On Sun, Feb 1, 2009 at 12:36 PM, Gregg Reynolds
On Sat, Jan 31, 2009 at 3:14 PM, David Menendez
wrote: There's a paper about defining catamorphisms for GADTs and nested recursive types that models type constructors that way.
If you recall a title or author I'll google it.
I believe it was "Foundations for Structural Programming with GADTs". http://crab.rutgers.edu/~pjohann/popl08.pdf
So this gives us two functors, but they operate on different things, and I don't see how to get from one to the other in CT terms. Or rather, they're obviously related, but I don't see how to express that relation formally.
Again, what sort of relationship are you thinking of? Data
Ok, good question. I guess the problem I'm having is one of abstraction management. CT prefers to disregard the "contents" of its objects, imposing a kind of blood-brain barrier between the object and its internal structure. Typical definitions of functor, for example, make no reference to the "elements" of an object; a functor is just a pair of morphisms, one taking objects to objects, the other morphisms to morphisms. This leaves the naive reader (i.e. me) to wonder how it is that the internal stuff is related to the functor stuff.
Right. The reason the definition of functor doesn't say anything about the "internal stuff" is that there are plenty of categories where there *is* no internal stuff. So for categories like Set or Mon, where the objects to have elements, category theory uses morphisms to describe their internal structure. For example, a set is an object in Set, and its elements are morphisms from the singleton set.
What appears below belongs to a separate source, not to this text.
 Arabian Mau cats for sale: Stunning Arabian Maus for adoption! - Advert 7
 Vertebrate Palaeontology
So if I have some operation that creates a monoid from a set, and transforms set functions into monoid homomorphisms in a way that respects identity functions and composition, then I have a functor from Set to Mon. (For example, the free monoid that Wren mentioned.) Whatever internal stuff is going on will be reflected in the morphism part of the functor, because otherwise the functor can't map the morphisms correctly.
For example: is it true that the object component of a functor necessarily "has" a bundle of specific functions relating the internal "elements" of the objects? If so, is the object component merely an abstraction of the bundle? Or is it ontologically a different thing?
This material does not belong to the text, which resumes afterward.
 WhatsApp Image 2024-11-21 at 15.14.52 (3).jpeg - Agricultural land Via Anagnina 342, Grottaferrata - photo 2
Let me try to give an illustrative example.
Consider a category A with a single object and a bunch of morphisms
from that object to itself. Now, the object itself isn't interesting,
which is why I didn't give it a name. It's not any kind of set, and
the morphisms aren't functions: composition just combines them in some
unspecified manner. Because A is a category, we know that there's an
identity morphism id, such that f . id = f = id . f, and we know that
f . (g . h) = (f . g) . h.
In other words, the morphisms in a single-object category form a
monoid. What's more, since we don't care about what the morphisms are,
we can take any monoid and create a single-object category. For
example, we could define a category Plus where the morphisms are
natural numbers, the identity morphism is 0, and morphism composition
is addition.
Now let's say we have to single-object categories, A and B, and a
functor F : A -> B. What do we know about F? We know that F maps the
object in A to the object in B, and it maps the identity morphism in A
to the identity morphism in B, and that for any morphisms f and g in
A, F(f) . F(g) = F(f . g).
In other words, F is a monoid homomorphism (that is, a mapping from
one monoid to another that respects the identity and the monoid
operation).
We can define other functors, too. For example, a functor P : Plus ->
Set. We'll map the object in Plus to N (the set of natural numbers),
and every morphism n in Plus to a function (\x -> n + x) : N -> N. You
can prove for yourself that P(0) gives the identity morphism for N,
and that P(m + n) = P(m) . P(n).
So P is a functor whose object component doesn't have a bundle of
specific functions relating the internal elements of the objects. All
the interesting stuff in P takes place in the morphism map.
Does that help at all?
(A side note: As I said, for any monoid X, we can create a category
C(X), and it's obvious that for any monoid homomorphism f : X -> Y, we
can create a functor C(f) : C(X) -> C(Y). It turns out that for any
monoids X, Y, and Z and homomorphisms f : Y -> Z and g : X -> Y, C(f)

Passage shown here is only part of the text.